I did buy a cheapie (6 quid!) and after a bit of
tuning it'll do for roughing (the irons slot is far too wide and off
centre for starters)


How about opening it right up and using it as a scrub plane ?

I've a couple of ash logs sitting outside, which tomorrow I'm going to
split with a froe and then prepare as stock entirely by hand. Because
I have a scrubber (a recycled #4) I know I can do this, and do it in a
very short time. It's a time and cost effective way of making boards.
OK, so I'm doing medieval repro work at the minute and this sort of
tapered-thickness timber is useful to me, but 50 board feet of timber
"for free" is a good enough offer that it's worth thinking about.
It's like green woodturning - once you change the supply chain so that
you can start making use of any passing log, then it changes your
whole process and the type of work you choose to make.
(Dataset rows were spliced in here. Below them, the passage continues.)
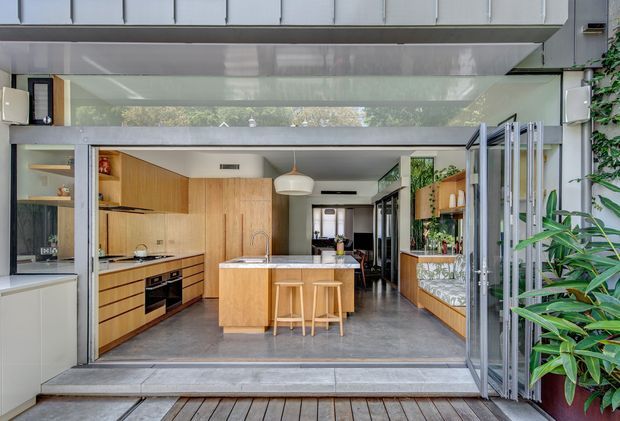 A bright, contemporary kitchen viewed from an outdoor deck through fully opened glazed folding doors. The room features extensive light timber cabinetry, a central island with bar stools, integrated appliances, a grey polished floor, a white ceiling with pendant lighting, and indoor planting. The open connection to the deck creates an airy indoor-outdoor layout.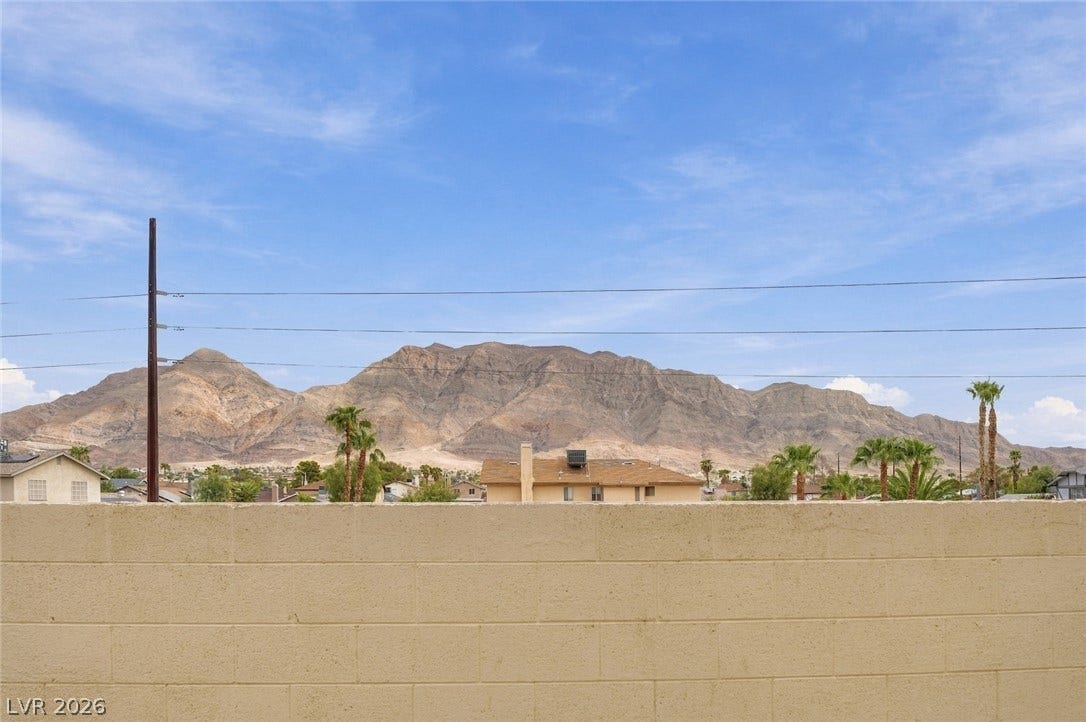 830 N Sloan Lane, #202, Las Vegas, NV 89110 Dramatic mountain vistas rise above the backyard privacy wall.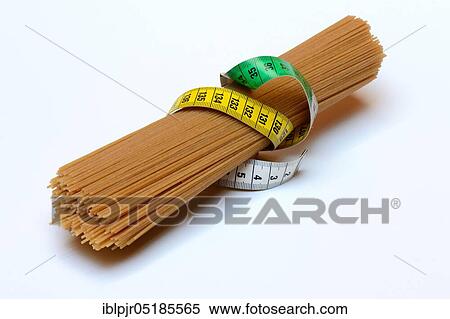 Spaghettis with measuring tape, wholemeal spaghetti View Large Photo Image Stock Photography - Spaghettis with measuring tape, wholemeal spaghetti. Fotosearch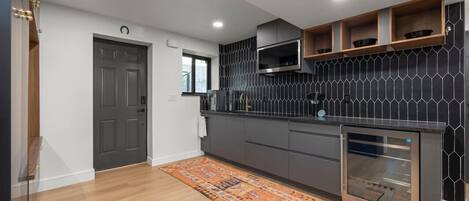 Fridge, microwave, stovetop, coffee/tea maker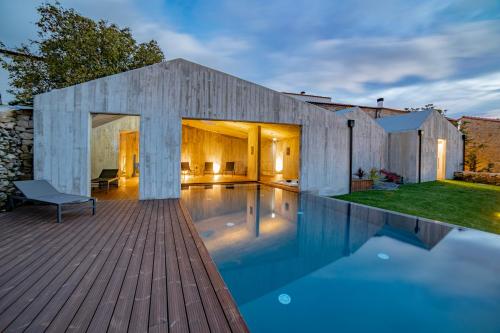 a house with a swimming pool and a wooden deck at in Bulla, Country and Wellness - Turismo Rural in Seixo do Côa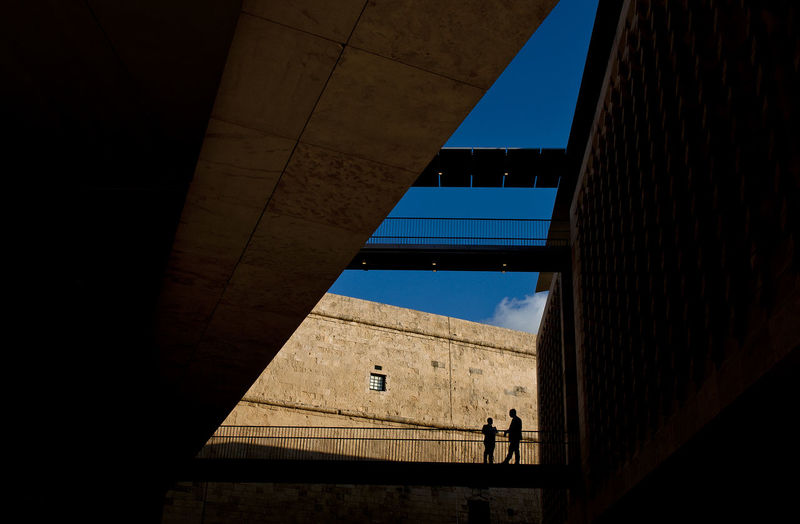 Low angle view of silhouette people standing by building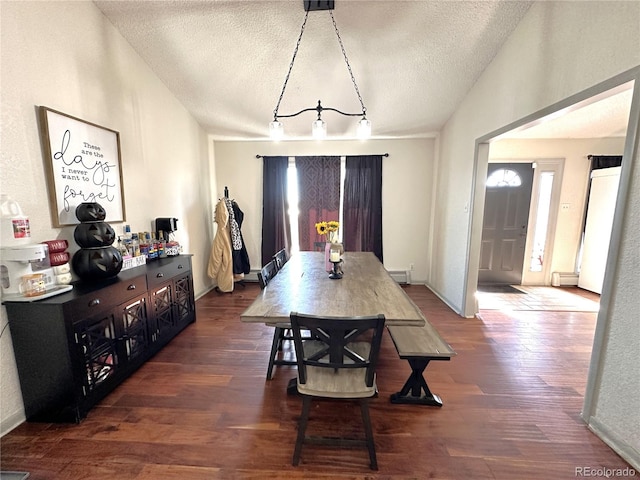 dining space featuring a baseboard heating unit, a textured ceiling, and dark wood-type flooring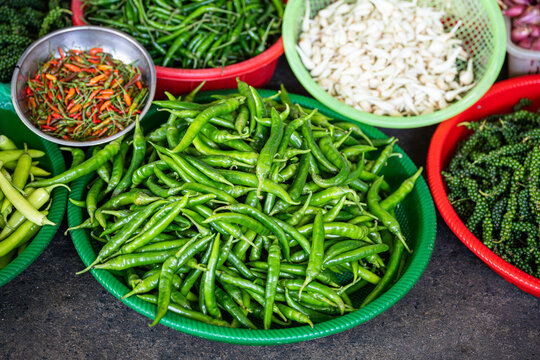 Basins full of fresh hot chili peppers, garlic and green peppercorns on sale at street food market, wholesale of exotic spices and vegetables at bazaar, containers filled with various food ingredients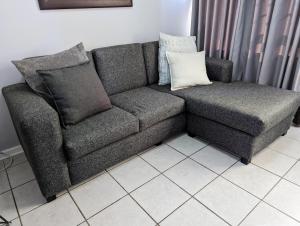 um sofá cinzento com almofadas num piso de azulejo branco em @Kitchens em Jeffreys Bay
Going to try advancing from scarysharp to the next plane ;-) as I have
3200 diamond polishing compound at work


I've never seen the point in that sort of finish on a plane. You need
to have glass-hard steel to even make a difference in the edge at
those levels, and that's not going to hold up on a plane iron. For
carving tools, maybe, but not for planes.

I take my plane irons to the 8,000 grit waterstone, because it's
_wider_ than my 10,000 grit stone and a bit harder, both of which make
it easier and thus quicker to use. There's no point in going any
further - I do for some tools, but not for planes and certainly not
for planes built around Stanley pattern irons.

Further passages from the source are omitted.